Task item: Return only the lines below starting at the line containing "Foto - Silikonový kryt pro Huawei 8 - Růžový" and ending at the line containing "Read torre de dios Manga Online", both included, exactly as they are and with no pictures.

Supplied entries:
•••
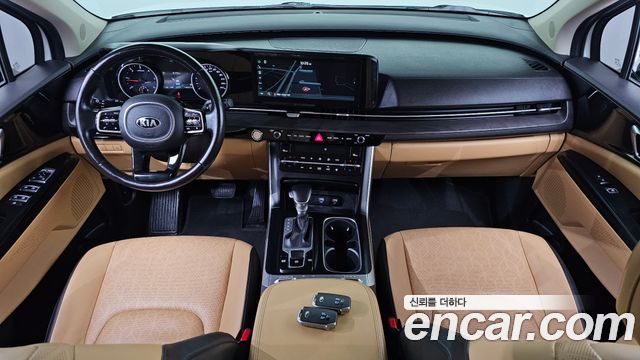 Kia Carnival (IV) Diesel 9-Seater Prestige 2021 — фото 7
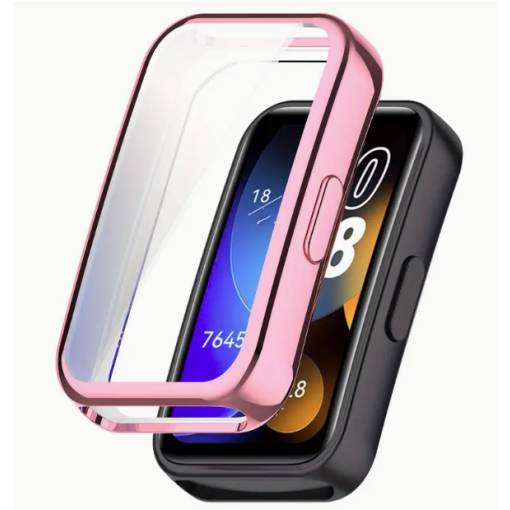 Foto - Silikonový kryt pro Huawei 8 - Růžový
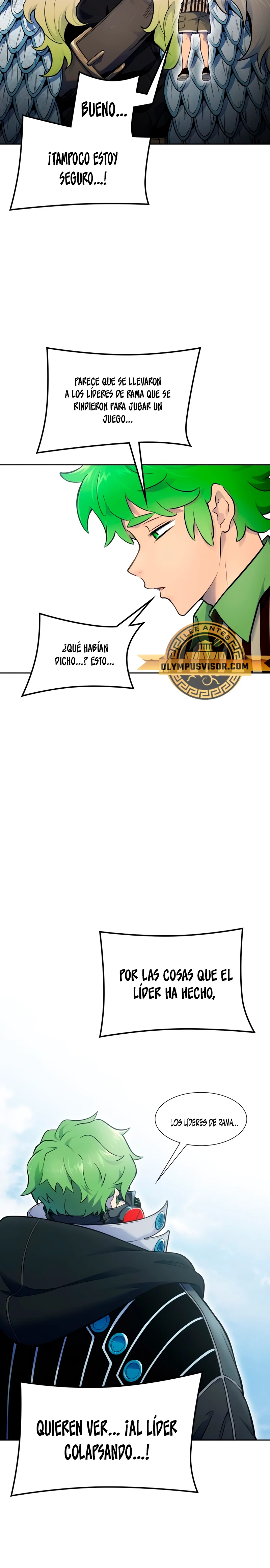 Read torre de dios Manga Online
•••
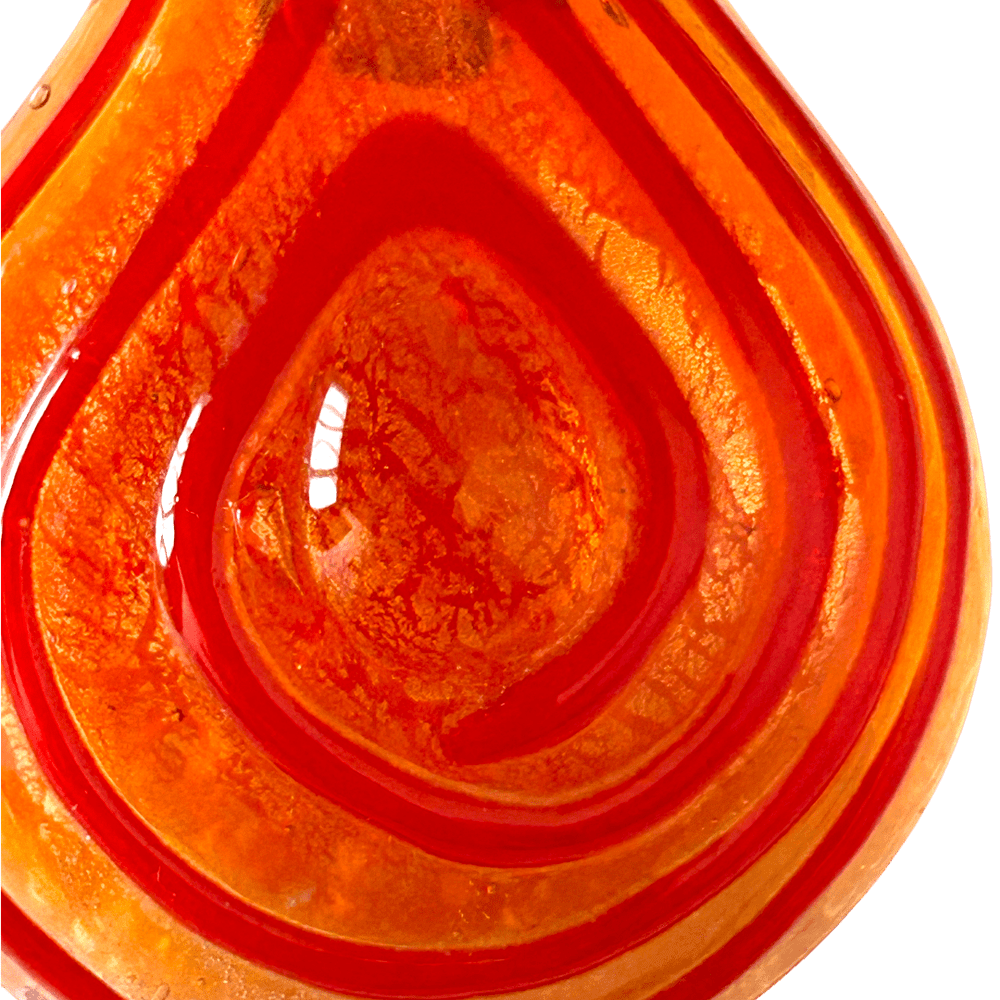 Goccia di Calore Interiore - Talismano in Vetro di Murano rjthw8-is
•••
Output for this exercise:
 Foto - Silikonový kryt pro Huawei 8 - Růžový
 Read torre de dios Manga Online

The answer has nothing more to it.